The threat of a major outage is significant enough to give any IT professional sleepless nights, but this is compounded by the risk of legal action. “An IT outage that leads to service disruption might constitute a breach of service level agreements, which could result in penalties, refunds or other compensatory measures,” says Shane Maher, managing director of managed services provider Intelliworx.
“In addition, businesses in certain industries – such as professional services, healthcare or other sensitive sectors like payments processing – will have strict security standards that must be adhered to. An IT outage affecting compliance with these standards can again result in major fines and penalties.” Additional risks come from regulations such as GDPR, where organisations must meet strict guidelines around how they respond to a breach.
The reality is that, in the case of technology suppliers such as Microsoft and other large providers, organisations have relatively little control over the implementation of updates, says James Watts, managing director at Databarracks. But that doesn’t mean there’s nothing businesses can do in such situations, or lessons they can learn.
“You need to know how your organisation can continue to operate if an IT service or application fails,” he says. “In the case of systems outside your control, that will often mean manual workarounds to maintain operations.
“With many software-as-a-service products, you can take a backup of your data which serves your governance risk and compliance purposes, but you can’t run that application anywhere else. Practically, you are waiting for the supplier to bring the service back online. For cloud services at the information-as-a-service level, you have the control to build in as much resilience as you are willing to pay for. It’s a balance of cost and risk, so you chose your solution based on uptime requirements and risk appetite.”
Not the same across the board
With other updates, though, organisations have more options. “By architecting a system correctly, you can significantly reduce the risk posed by relying on services that are outsourced, or out of your control,” says Tony Hasek, CEO and co-founder of physical network isolation cyber company Goldilock. “Network segmentation, for example, is a crucial layer of protection that IT teams can implement to ensure updates or changes made by external providers are ‘accepted’ internally before being rolled out.”
An example would be an airport that uses edge devices with a user port and a separate admin port, which is used to update systems and applications. “Any updates through the admin port will be stopped and subject to internal review before being rolled out,” he says. “This prevents forced updates from external service providers.”
Adopting a staggered approach to software and configuration updates is another option. “Updates are sent first to a small pool of devices and the effects observed via telemetry,” explains James Kretchmar, SVP and chief technology officer at Akamai. “Updates then proceed to wider stages of deployment only when it’s clear the effects have been positive. Keeping small problems from becoming big problems is the name of the game.” But a recent survey – ironically by CrowdStrike – suggests that only 54 per cent of organisations review major updates to software applications.

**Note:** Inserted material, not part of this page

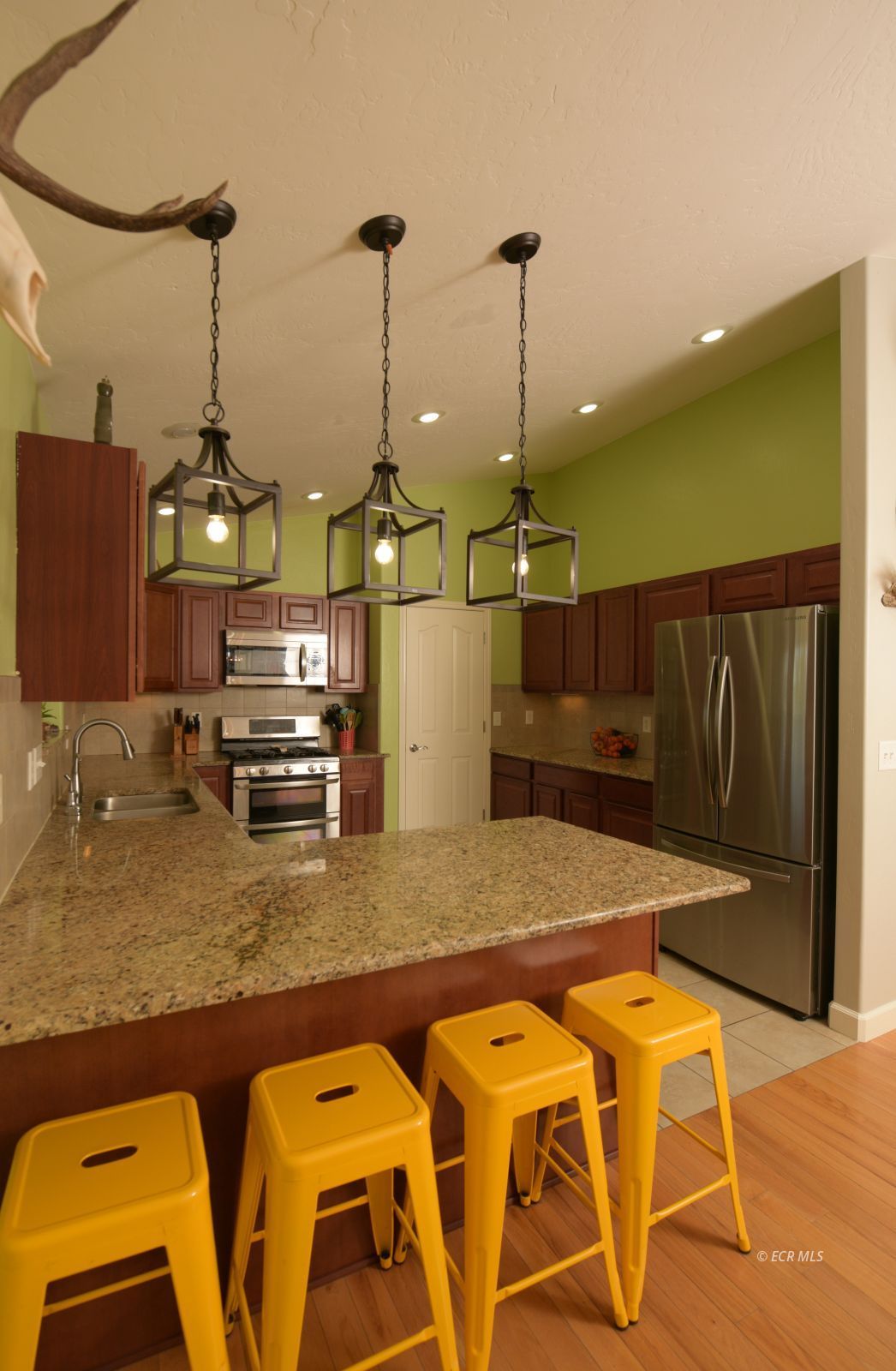 388 Lakeport Drive Property Photo 12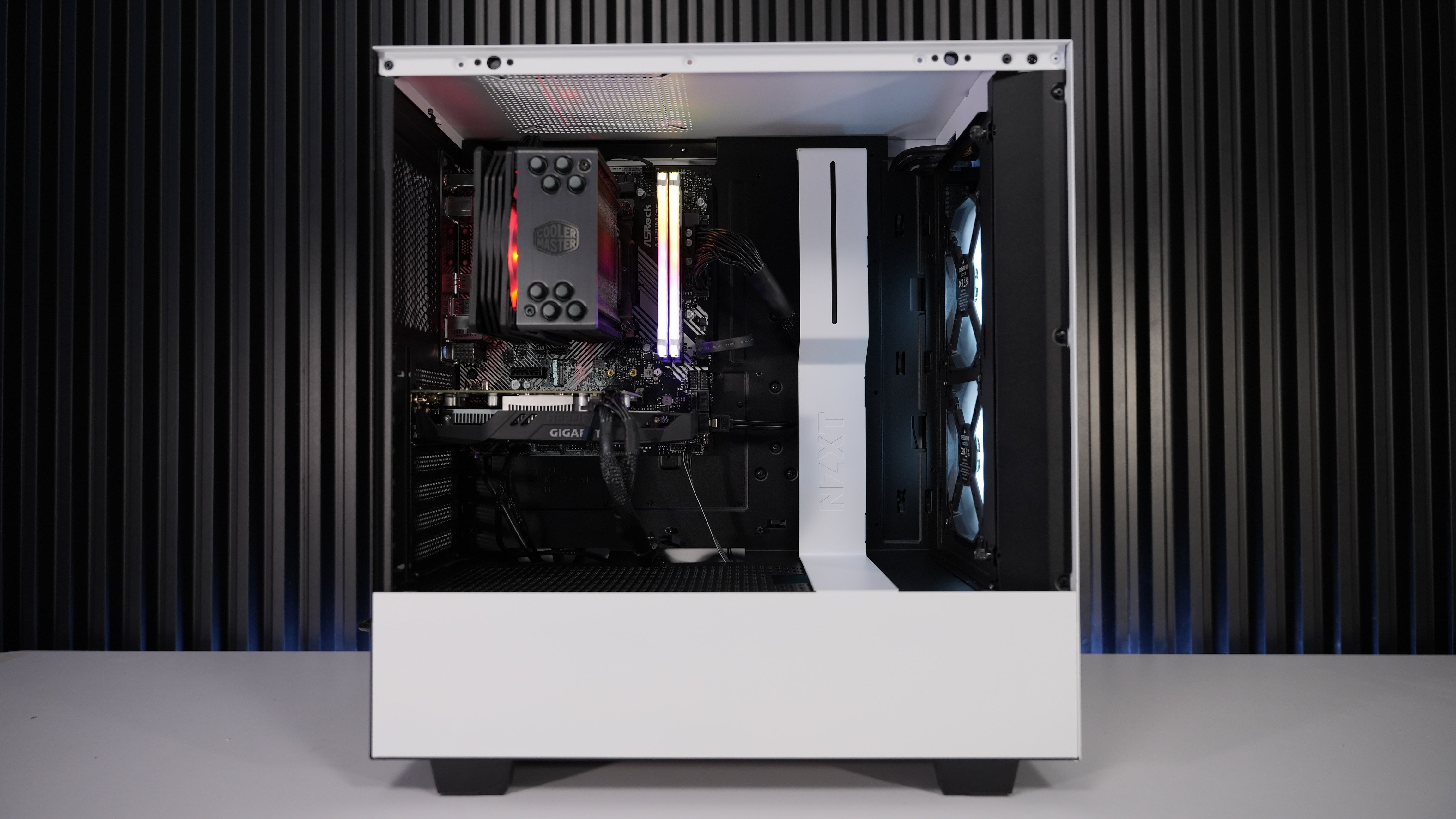 Ryzen 5 1600 + GTX 1650 Budget Gaming PC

What can we learn from the CrowdStrike incident?
There are other lessons organisations can learn from the CrowdStrike incident, particularly around how they respond to any kind of outage. “Treat the risk of failure as a ‘when’ not an ‘if’ problem,” advises Dafydd Vaughan, chief technology officer at Public Digital and co-founder of the UK Government Digital Service. “This means thinking about how you can quickly restore or recover services that are affected, and how you can minimise the disruption while that recovery happens.”
This involves both understanding what the most critical IT elements are, and simulating an attack to test the response, says Adam Stringer, a digital resilience consultant at PA Consulting. “In the heat of an outage, you need to understand which services to focus efforts on, including technology, process and suppliers that support those services,” he says. “Simulating an outage – be it cyber-attack, failed change or supply chain failure – will mean you’re better prepared when the unthinkable happens.”
There are other steps organisations can take, to reduce their exposure to particular services. “In this case, having failover systems that leveraged Apple or Linux software could have prevented the outage, or at least significantly reduced the downtime,” says Wes Loeffler, director of third-party risk management at Fusion Risk Management. “In the case of the CrowdStrike Falcon endpoint security software, there are alternatives that are frequently used, such as Cisco Endpoint Security, SentinelOne, Trellix and others.”
Yet while these may provide more control, there are often trade-offs which make them unsuitable for most organisations, says Watts. “Using less popular technologies raises different challenges with skills, support and interoperability,” he contends.
“The cloud market is an oligopoly, which introduces concentration risk challenges because of the interdependency of the supply chain. You may not use AWS directly, but inevitably – whether it’s your suppliers or SaaS providers – someone in your supply chain does. It’s now even more important to look at your supply chain and downstream dependencies.”
Vaughan points out that all major cloud providers have faced major outages in the last year, and argues the bigger picture is one of more frequent and disruptive cyber-attacks. “At the same time, our services are becoming ever more interconnected,” he says.
“This is powerful and brings extraordinary value to businesses, but it can also mean that isolated problems cascade into waves of impact far beyond their initial blast zone. An incident like CrowdStrike, whether deliberate or accidental, will happen again. Businesses now must plan how they will handle it.”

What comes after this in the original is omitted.